== INPUT ==

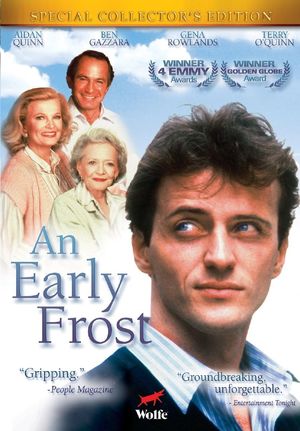 En dvd sur amazon An Early Frost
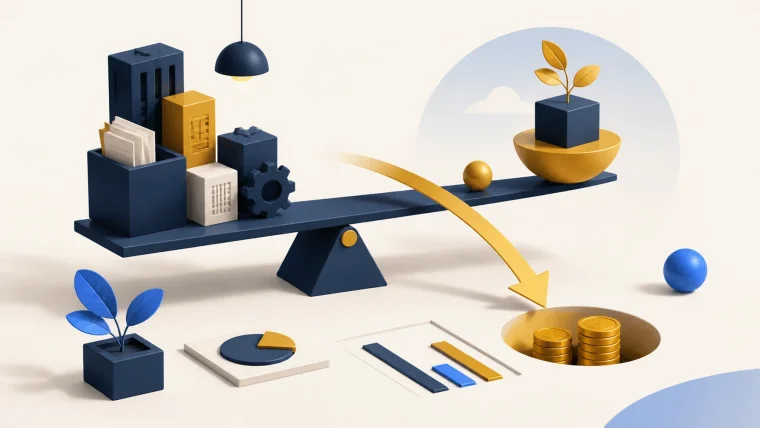 Comment optimiser les charges de structure dans son compte de résultat ?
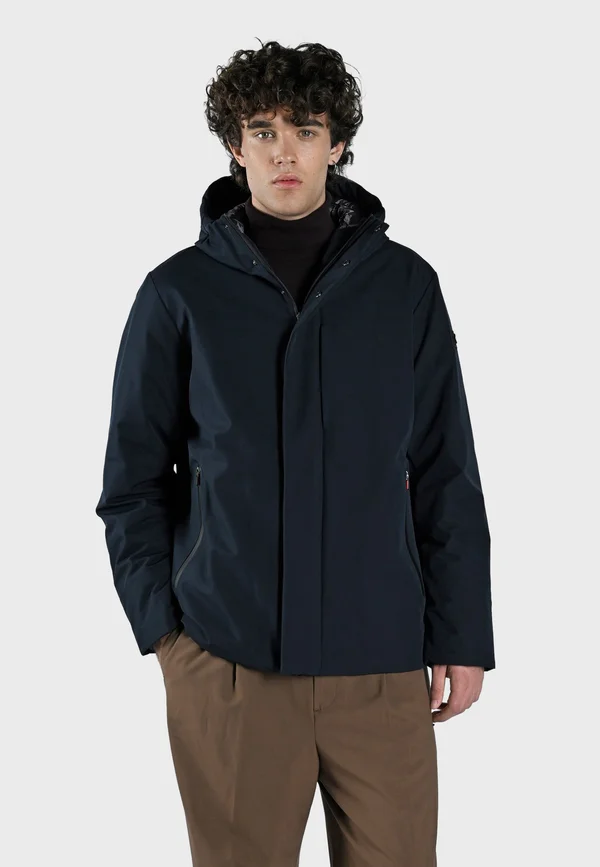 VAUGHAN 4 - Übergangsjacke - navy blue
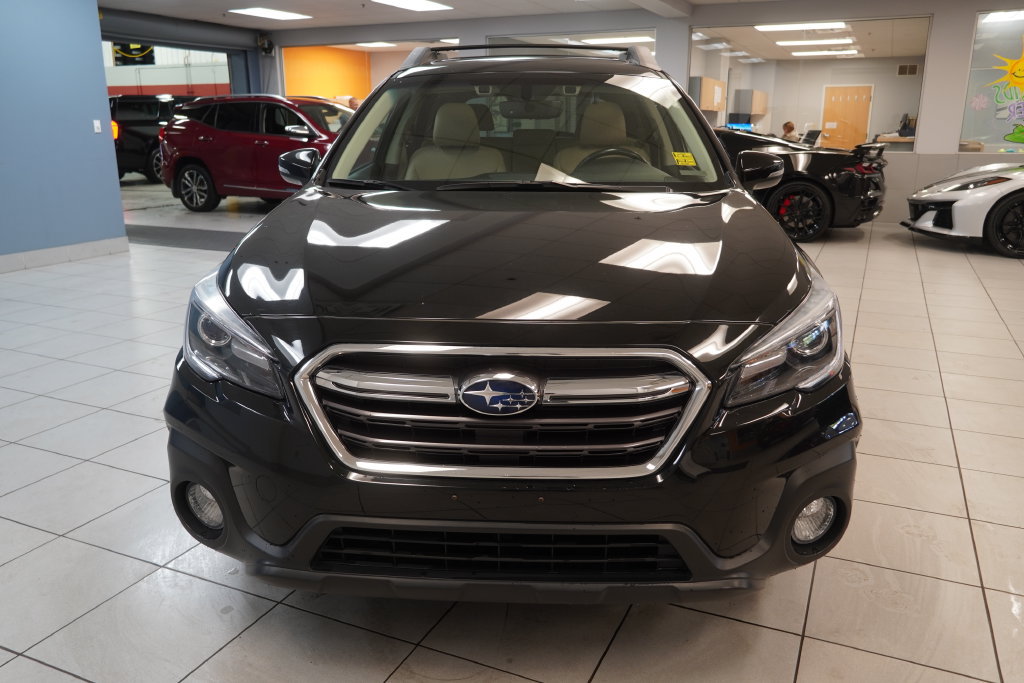 Used 2019 Subaru Outback 2.5i Limited AWD/4WD image 17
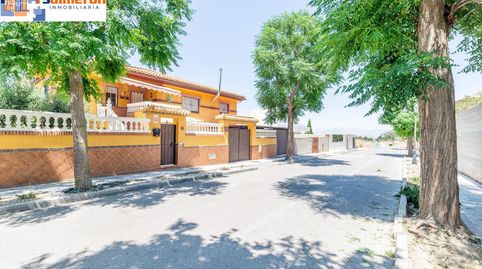 Foto 2 de Casa o chalet en venta en Calle Oropendola (vent), Belicena, Vegas del Genil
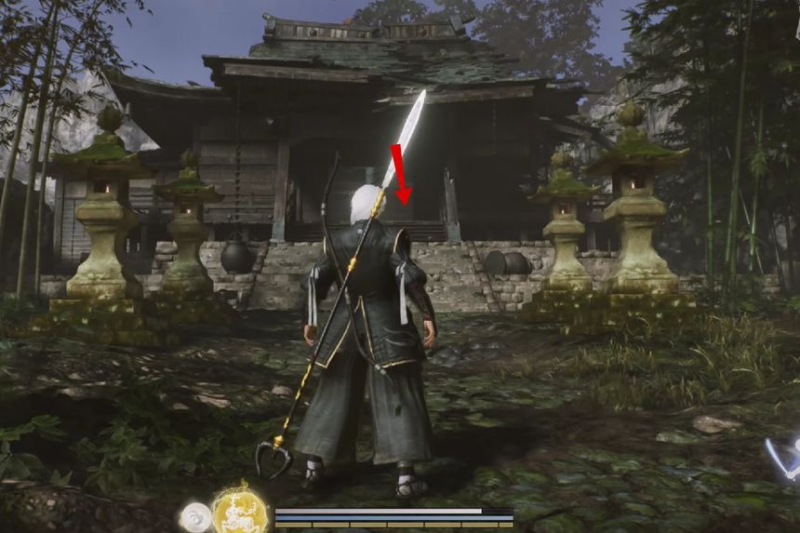 All Jizo Statue Locations – Nioh 3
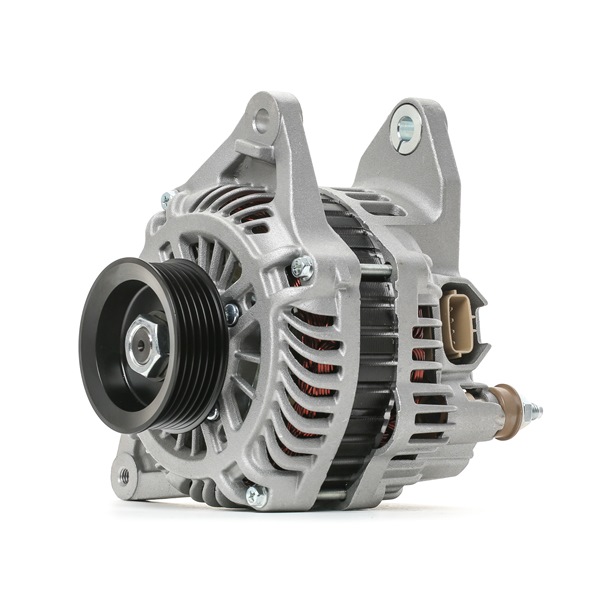 MITSUBISHI Lichtmaschine von RIDEX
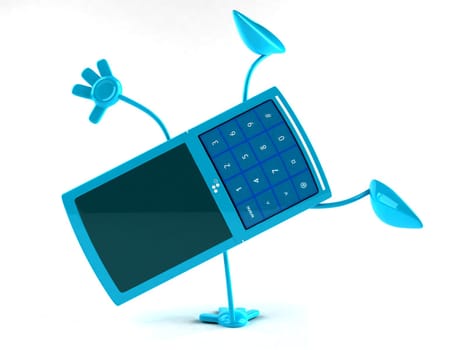 Mobile phone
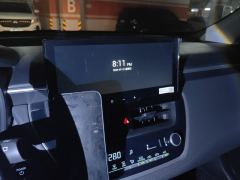 Toyota Corolla Sharp Release 2.0L Edition - фото 17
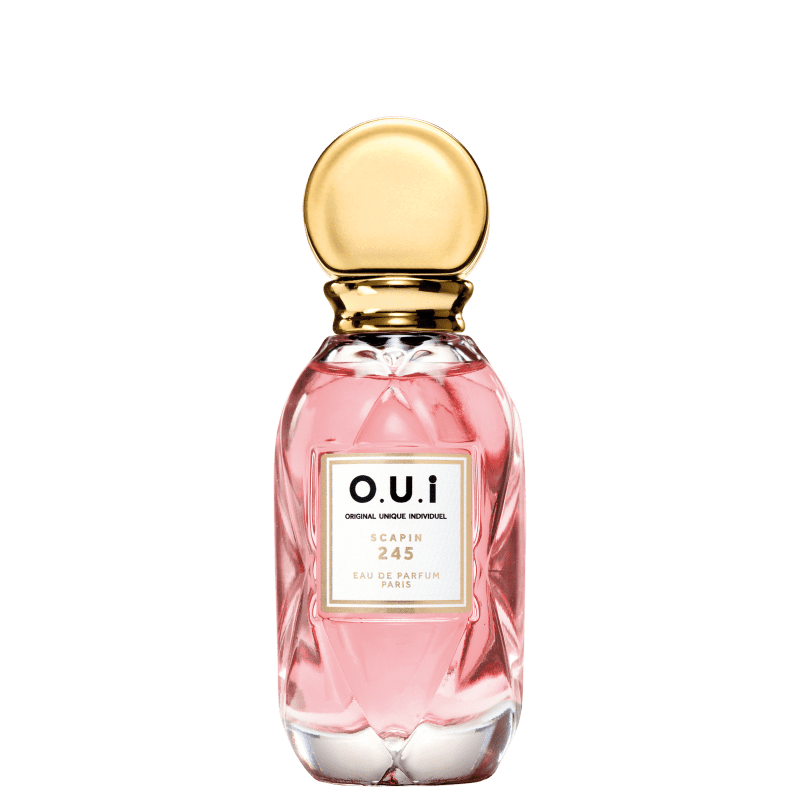 Scapin 245 O.U.i - Eau de Parfum Feminino 30ml Menor preço em Scapin 245 O.U.i - Eau de Parfum Feminino 30ml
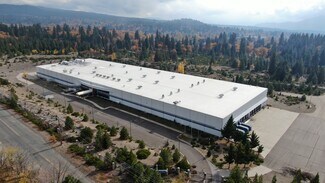 Plus de détails pour 210 Ski Village Dr, Mount Shasta, CA - Industriel à vendre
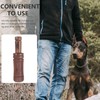 Kisangel Wood Duck Call Goose Whistle Hunting Sound Whistle for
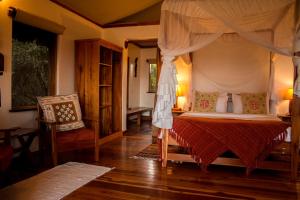 Bilde i galleriet til Ziwa Bush Lodge i Nakuru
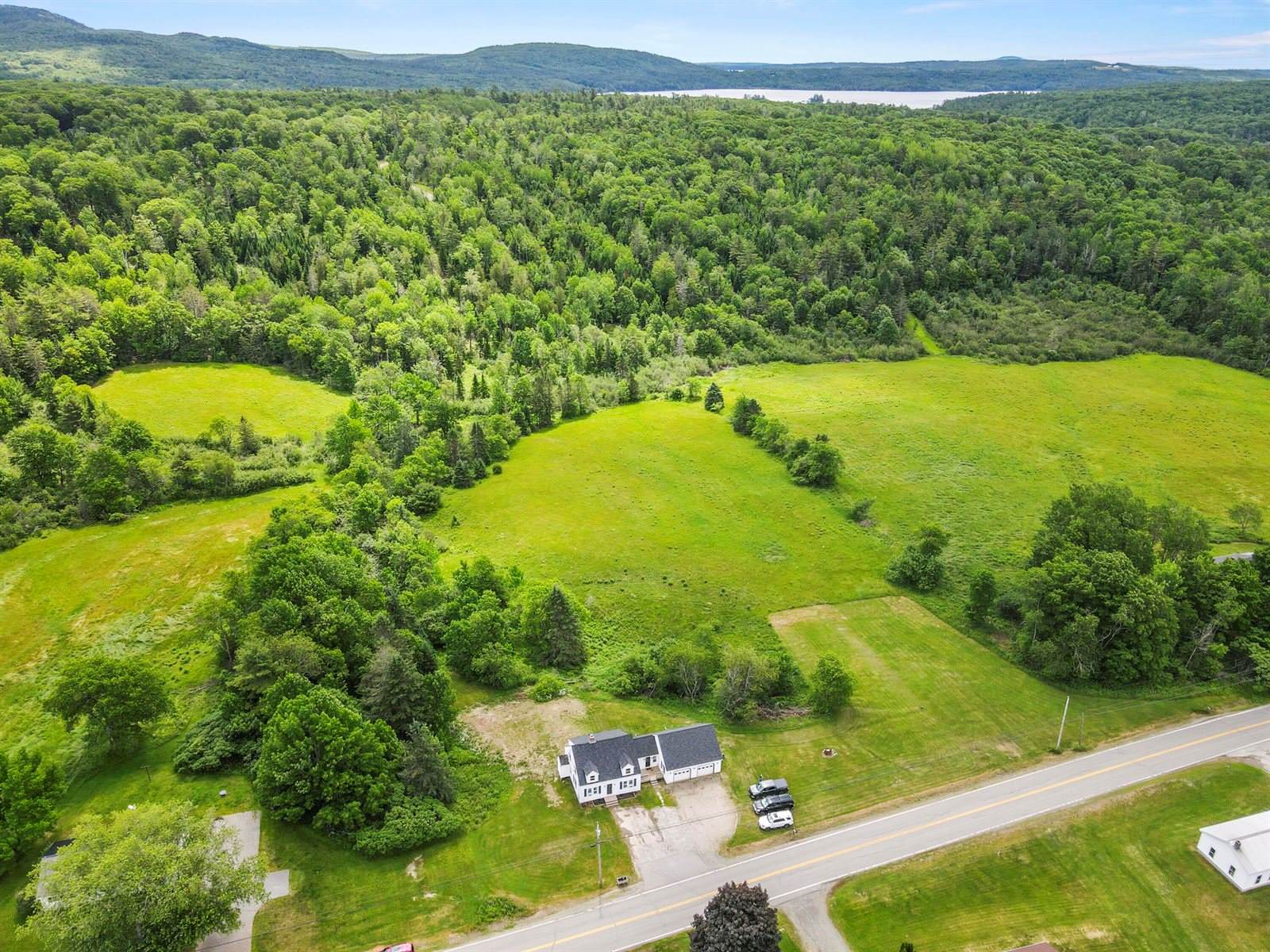 659 State Route 46, Bucksport, ME 04416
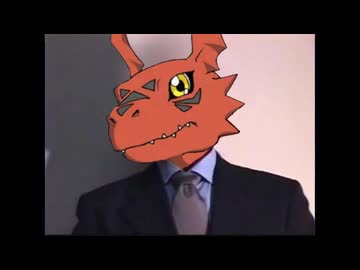 The biggest ネクタイ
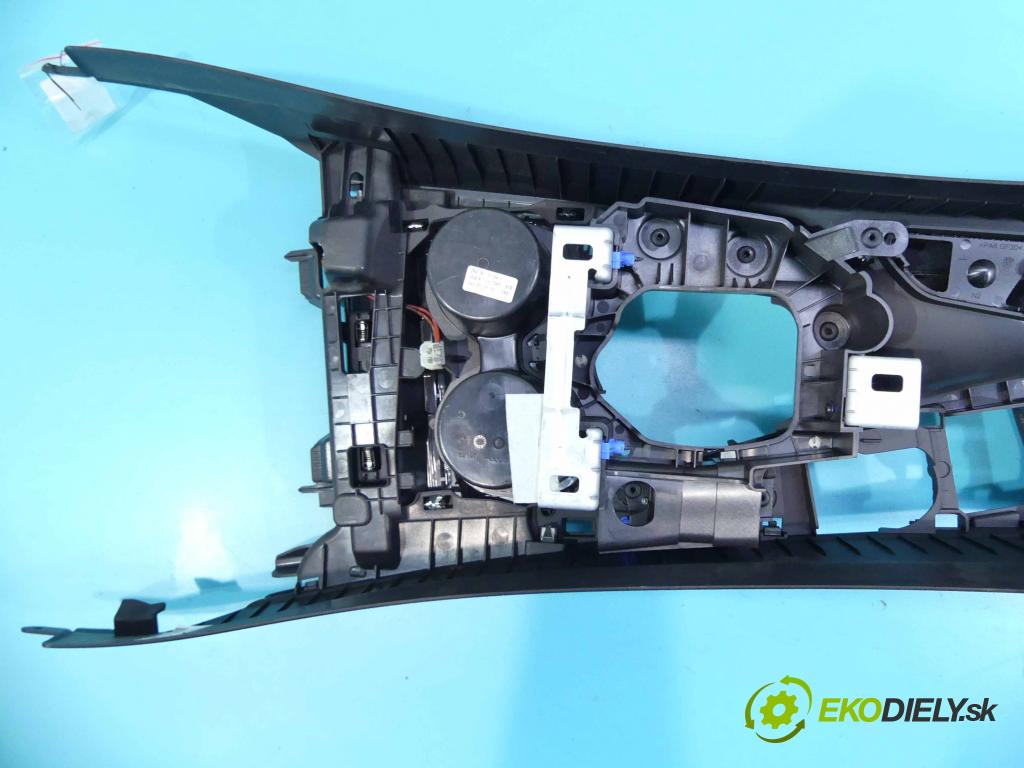 Bmw 3 F30 2011-2018 2.0d 116 HP manual 85 kW 1995 cm3 4- operadlo 9235467 (Lakťové opierky)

===

Please retype the material above exactly, and omit its images.

 En dvd sur amazon An Early Frost
 Comment optimiser les charges de structure dans son compte de résultat ?
 VAUGHAN 4 - Übergangsjacke - navy blue
 Used 2019 Subaru Outback 2.5i Limited AWD/4WD image 17
 Foto 2 de Casa o chalet en venta en Calle Oropendola (vent), Belicena, Vegas del Genil
 All Jizo Statue Locations – Nioh 3
 MITSUBISHI Lichtmaschine von RIDEX
 Mobile phone
 Toyota Corolla Sharp Release 2.0L Edition - фото 17
 Scapin 245 O.U.i - Eau de Parfum Feminino 30ml Menor preço em Scapin 245 O.U.i - Eau de Parfum Feminino 30ml
 Plus de détails pour 210 Ski Village Dr, Mount Shasta, CA - Industriel à vendre
 Kisangel Wood Duck Call Goose Whistle Hunting Sound Whistle for
 Bilde i galleriet til Ziwa Bush Lodge i Nakuru
 659 State Route 46, Bucksport, ME 04416
 The biggest ネクタイ
 Bmw 3 F30 2011-2018 2.0d 116 HP manual 85 kW 1995 cm3 4- operadlo 9235467 (Lakťové opierky)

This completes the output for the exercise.